Monument majeur de la rue, l’église est enserrée dans les habitations. Au 10e siècle, c’était une modeste chapelle située hors de la ville. Deux siècles plus tard, elle se retrouve dans un quartier en plein essor grâce aux fourreurs et aux marchands de peaux. Elle devient église paroissiale et est dédiée en 1533, abritant notamment et naturellement la confrérie des pelletiers fourreurs. A la Révolution, elle est désaffectée puis vendue.

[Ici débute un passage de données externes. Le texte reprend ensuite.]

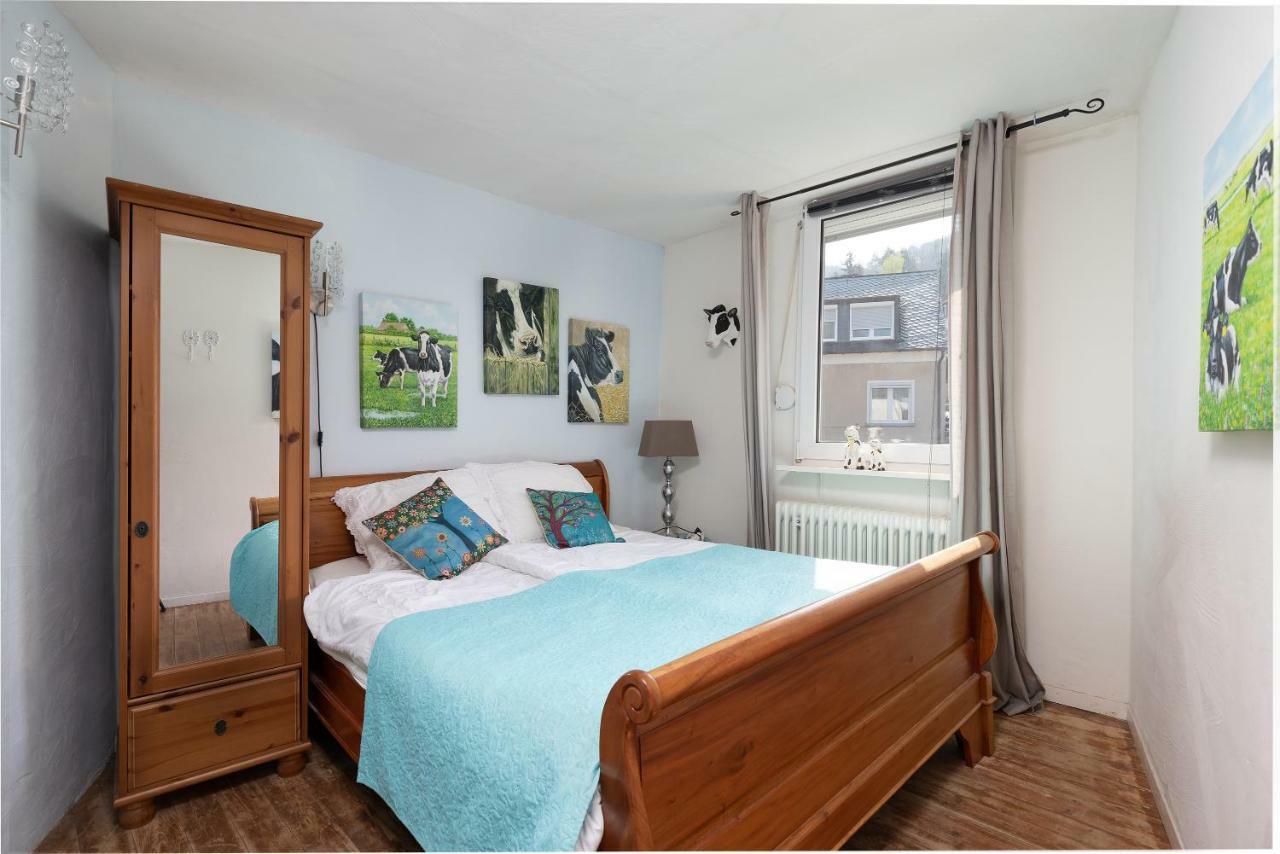 Haus Alte Rebe & Weisse Traube Apartamento Cochem Exterior foto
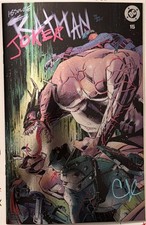 ABSOLUTE BATMAN #15 CLAY MANN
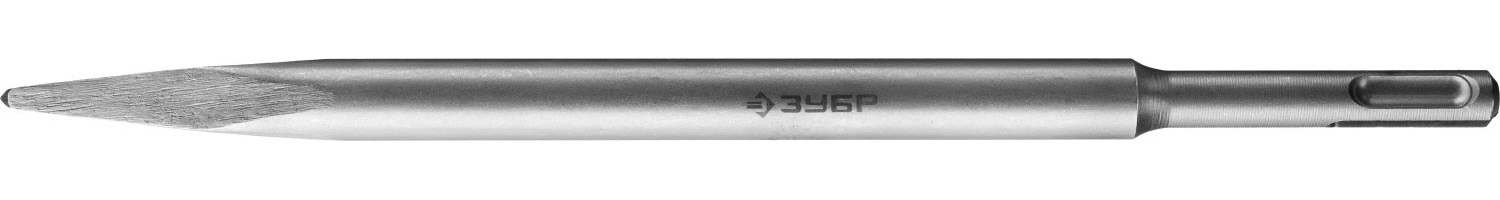 Зубило пикообразное SDS-plus 250 мм Зубр 29231-00-250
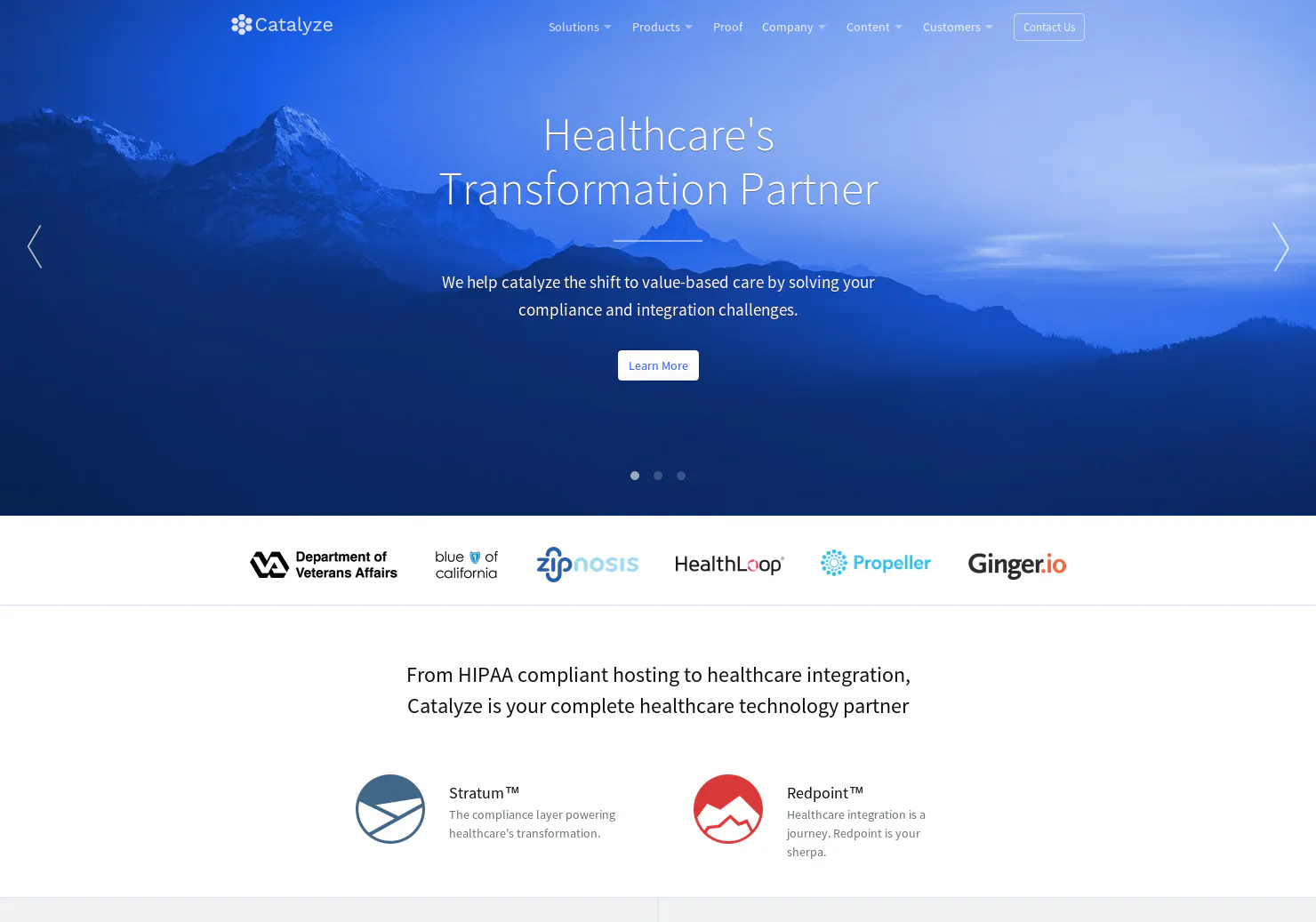Catalyze.io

Elle sert alors d’entrepôt et de chai à vin aux distillateurs Lemirre et Reiss jusqu’aux années 1940, époque où Jules Jacqueline, un mécène, la restaure et elle devient une salle de conférence et de concert inaugurée en 1951 et achetée par la ville.

 

La boîte à sel

Tout près, une bien étrange échoppe. C’est la seule qui subsiste à Rouen parmi toutes celles accolées jadis aux flancs des édifices religieux dès le 16e siècle. On dit qu’elle a pu être la boutique de l’écrivain public. Elle faillit aussi être la « boîte à sel » de la nouvelle salle, en fait le bureau de vente des billets, rappel de la confrérie de St Wulgan pour les porteurs de sel, ce qui expliquerait peut-être une certaine confusion. Juste à côté, subsiste une élégante fontaine autrefois alimentée par la source Gaalor. Elle est datée de 1634 et classée Monument Historique depuis 1943. Démolie et déplacée en 1667, Edward Montier la décrivait ainsi : « Elle est vieille, décrépie. Et bien vite Peut’être disparaîtra. La fioriture usée Au musée Des Antiquités finira. ». Une prédiction heureusement sans suite pour ce petit joyau de la rue. Avant de rejoindre la rue des Bons Enfants, le côté gauche de la voie attire les regards avec au n°21, le beau portail de l’Hôtel de Bondeville du 18e siècle au beau milieu de maisons à pans de bois, repères du « Barbier de sa ville », un salon de coiffure à l’ancienne et du « Chat Botté », une cordonnerie disparue.